To simplify my question, assume that I independently sampled $M$ data points $\{x\}_{i=1}^M$ from Gaussian distribution $N(\mu,\sigma^2)$. I can use $\{x\}_{i=1}^M$ to calculate its mean $\hat{\mu}$ and the $\hat{\sigma}$. My question is that what is the relation between the $\sigma$, $\hat{\sigma}$ and $M$? If $M$ increases, $\hat{\sigma}$ increases or decrease to $\sigma$? Can the result be extended to more general case like other distributions?
I ask this question, because in machine-learning/data-mining we may have many different algorithms/methods (saying 3 algorithms) to finish one task. In experiments, we can choose one algorithm and run one time and has the precision 90%. We can run it another time and the precision may be 92%. Each algorithm can be independently run $\beta$ times with $\beta$ precision results averaged, thus the variance of $\beta$ results can also be calculated. Then, we compare the average precision and variance for each algorithm, and the algorithm with higher average precision and smaller variance is the best. So how to choose $\beta$? If $\beta=5$ is very small, the variance may be not well calculated. If $\beta=5000$ is very big, then running $1000$ times is computationally expensive.
When you say, you compute $\hat{\mu}$ and $\hat{\sigma}$ I am assuming you are using the standard formulas for samples.

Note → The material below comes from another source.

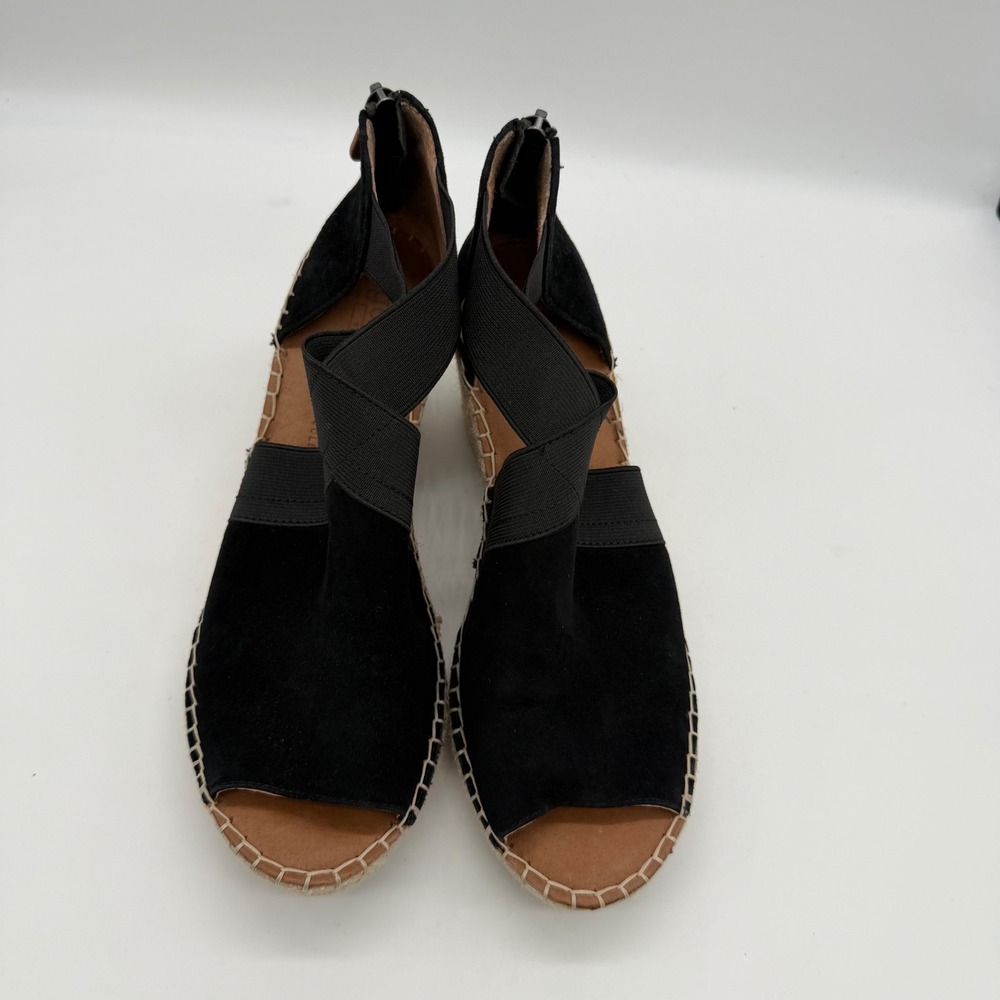 Gentle Souls Kenneth Cole Colleen Cross Elastic Black Suede Wedge Sandals 8M - Picture 4 of 8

These formulas give you an estimate of the true mean and standard deviation and have the property that they are consistent, this is, one can show that they converge to the true mean and standard deviation when $M\rightarrow\infty$
As you pointed out in the second paragraph, having a small $\beta$ is like having a small $M$, so we know very little about how good of an estimate will $\hat{\mu}$ and $\hat{\sigma}$ be. The larger the $\beta$, the better, of course there is a tradeoff, as in any empirical work, someitmes you just have to deal with the fact that you don't have a big enough sample. Sometimes, as in your case, it means you will need more computing power.